RPI, CPI and RPIX are three different measures for calculating inflation. To summarise
- CPI = headline rate (excludes mortgage interest payments, housing costs)
- RPI = Retail Price Index. Includes mortgage payments.
In 2009, the UK saw a cut in interest rates, and therefore, a fall in mortgage repayments. This caused RPI to become negative – whilst CPI remained positive.
The main inflation rate in the UK is now the CPI Consumer Price Index.
The CPI is based on the HCIP (Harmonised Consumer index prices) which measures inflation on internationally agreed standards throughout Europe.
- The RPI (Retail price index) includes mortgage interest payments. Thus changes in the interest rates affect the RPI. If interest rates are cut, it will reduce mortgage interest payments. Thus the RPI will fall but not the CPI.
- The RPI also includes council tax and some other housing costs not included in CPI
- The CPI includes some financial services not included in the RPI
- The CPI is based on a wider sample of the population for working out weights.
RPIX and RPI
- RPIX is the same as RPI minus mortgage interest payments.
- RPIX is closer to CPI but not exactly same.
RPIY (Core Inflation)
The RPIY measures core inflation this is RPIX minus taxes such as VAT and excise duty. Thus a cut in VAT would reduce RPI but not reduce core RPIY
Which is Most Accurate Definition of Inflation?
RPI is generally higher – especially in periods of interest rate rises.

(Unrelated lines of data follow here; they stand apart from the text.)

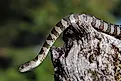 A Northern Water Snake on a stump.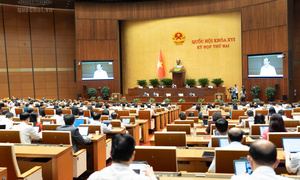 Ngày 30/10/2026: Quốc hội thảo luận về kế hoạch phát triển kinh tế - xã hội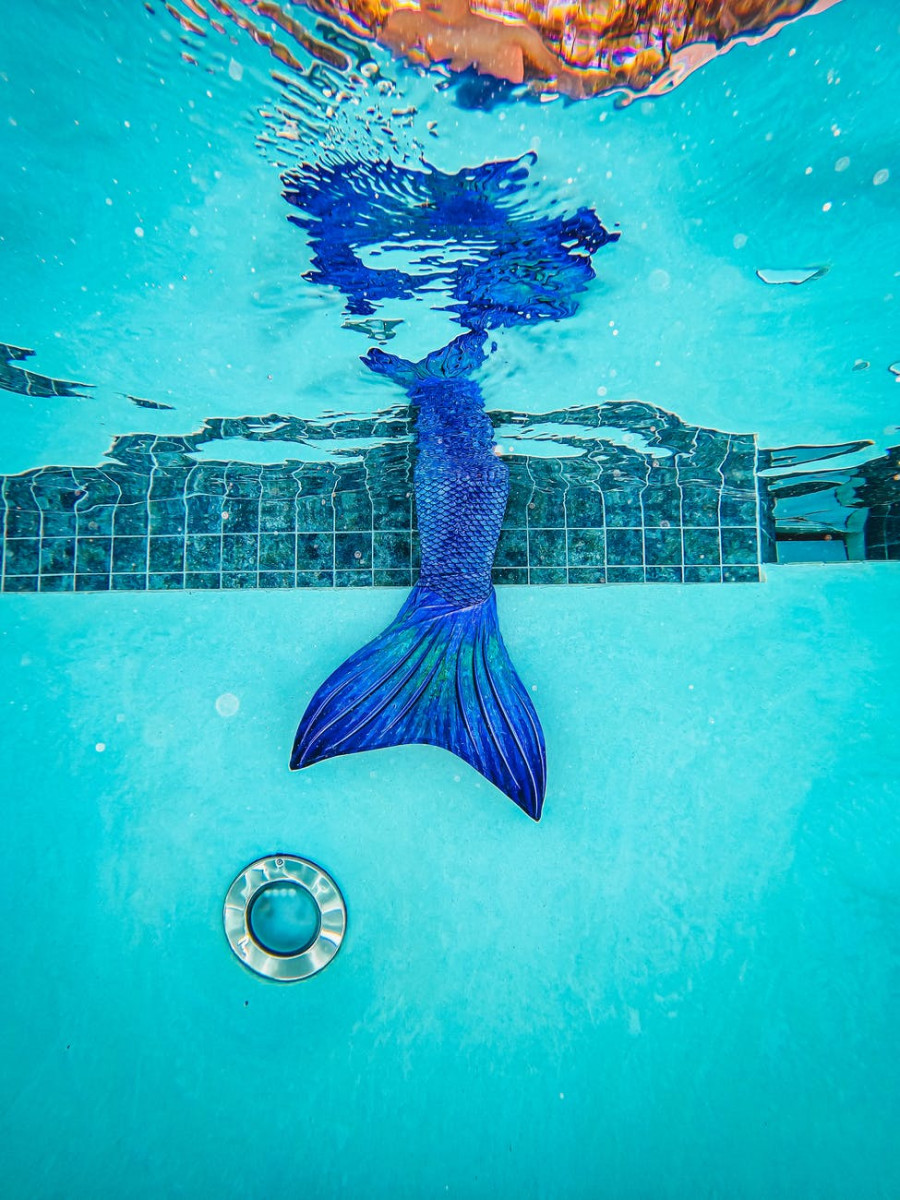 a mermaid s tail underwater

It’s hard to say. However, I think it is more useful to look at underlying core inflation. For example, a large cut in interest rates causes a temporary fall in RPI, yet could lead to inflationary pressures in the long term.
- CPI tends to be a little lower than RPI (except when interest rates are cut like at moment)
New measures of inflation – CPI, CPIH and CPIY
CPIH – CPIH It is based on CPI, plus it includes housing costs, such as mortgage interest payments. Owner occupiers cost (OOH) account for 12% of the CPIH weighting
CPIY – The CPI – Indirect taxes. This is the CPI measure but excludes the impact of indirect taxes such as VAT and excise duty.
CPI-CT. This is a similar principle to CPIY. CPI-CT holds indirect taxes rates constant at the rate prevailing at the start of the year.